Recently we received the following from one of our readers that vividly illustrates the Notch disparity:
I never realized how the Notch affected me until last week, when I learned that one of my neighbors (who is 94 and a naturalized citizen) is receiving almost $2,000 a month in Social Security. From 1952 until I retired in 1989 at the age of 67, I paid the maximum in payroll taxes. I’m currently receiving a little over $1,500 a month from Social Security — $500 a month less than he is getting!
The difference in benefits you cite from the neighbor who was born just one year prior to the start of the Notch years is indeed large — all the more so, because you were born six years later and delayed retirement two years after your full retirement age. Under normal circumstances, both the difference in your age, and the delay in starting benefits should have meant that your benefit would have been higher or at the very least, similar to that of your neighbor who was born in 1916. But the benefit disparities experienced by Notch Babies were much larger for people who delayed retirement, particularly workers like you who not only paid the maximum in taxes, but paid over more years as they worked past their full retirement age.
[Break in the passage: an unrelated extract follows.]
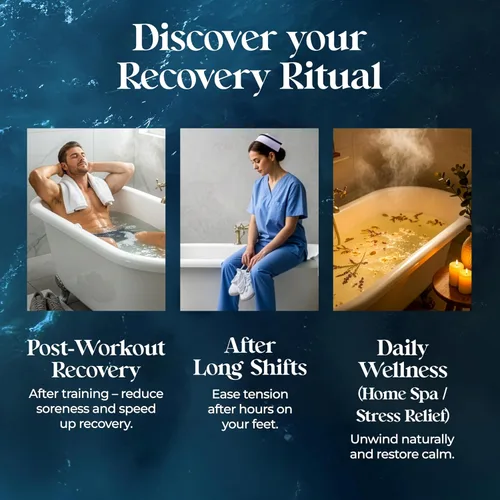 Miniatura 3 de Aromasong Baño de recuperación muscular con sal del mar muerto, OptiMSM, copos de magnesio y aceites esenciales para dolor después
In 1988 the Government Accounting Office, now the Government Accountability Office, released a comprehensive report on the Notch detailing benefit formula changes that led to the lower benefits received by many Notch Babies. Among other things, for example, the number of years of earnings used in computing the initial retirement benefit was lengthening, there were changes made to mathematical calculations, and earnings after age 62 were not as advantageous as they were for your neighbor.
The size alone of your benefit disparity is just one example why TSCL maintains that The Notch Fairness Act is a very modest settlement. Passage of The Notch Fairness Act, which would provide Notch Babies born from 1917 through 1926 a choice of $5,000 payable in four annual installments or a higher monthly benefit, would bring an end to the long-sought effort for Notch reform that arose the last time Congress enacted changes to the Social Security benefit formula. We agree with you and so many other Notch Babies who have told us, that $5,000 in no way replaces the lower benefits you received over your retirement lifetime.
As of October 4, 2010, 113 Members of the House share our belief that the disparity in benefits should be settled and have signed on as co-sponsors to The Notch Fairness Act (H.R. 1067), introduced by Representative Ralph Hall (TX). In addition, a companion bill (S. 81) in the Senate was introduced by Senator David Vitter (LA). We continue to push for enactment in the final days of 2010.